Certainly, Mr Grandi’s visit has also highlighted another important aspect of the refugee problem in Pakistan: the outside world has not always done enough to help this country manage the crisis and help the refugees. The 1.4m Afghan refugees who are registered are less than half of their total estimated population of 3m in Pakistan. Protracted refugees crises tend not to attract the resources necessary to keep the refugee population safe and reasonably well taken care of. With security conditions in Afghanistan deteriorating and political uncertainty continuing, voluntary repatriations have virtually ended — meaning that Pakistan will have to manage a steady, and perhaps even an increasing, number of refugees in the immediate future. Visits by Mr Grandi and other efforts can help raise awareness of the protracted crisis, but a great deal more can and should be done. The outside world is rightly focused on the conflict inside Afghanistan, but the Afghans living as refugees outside the borders of their country should not be forgotten.

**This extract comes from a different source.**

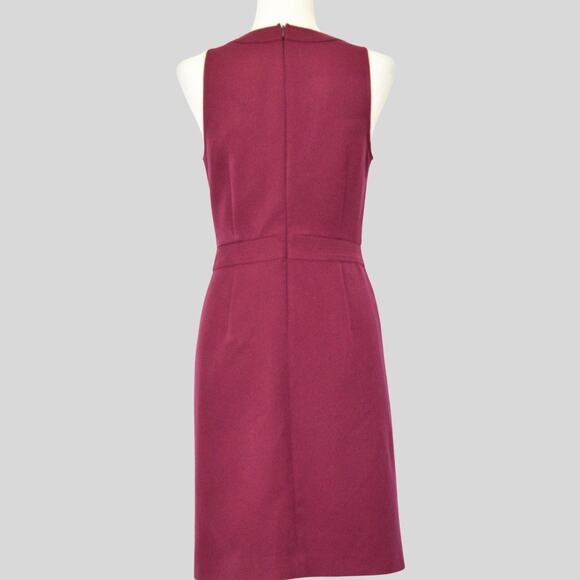 BANANA REPUBLIC Women's Button Accent Burgundy Dress Size 6 - Picture 3 of 8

For Pakistan, the challenge remains to turn around a national debate that is suspicious of or outright hostile to Afghan refugees. It is nearly 40 years since the start of the refugee crisis and two generations of Afghans in Pakistan have known only this country as their home. The lives of unregistered refugees can be significantly worse than their registered counterparts. Forty years of service to refugees should continue with dignity and respect for all.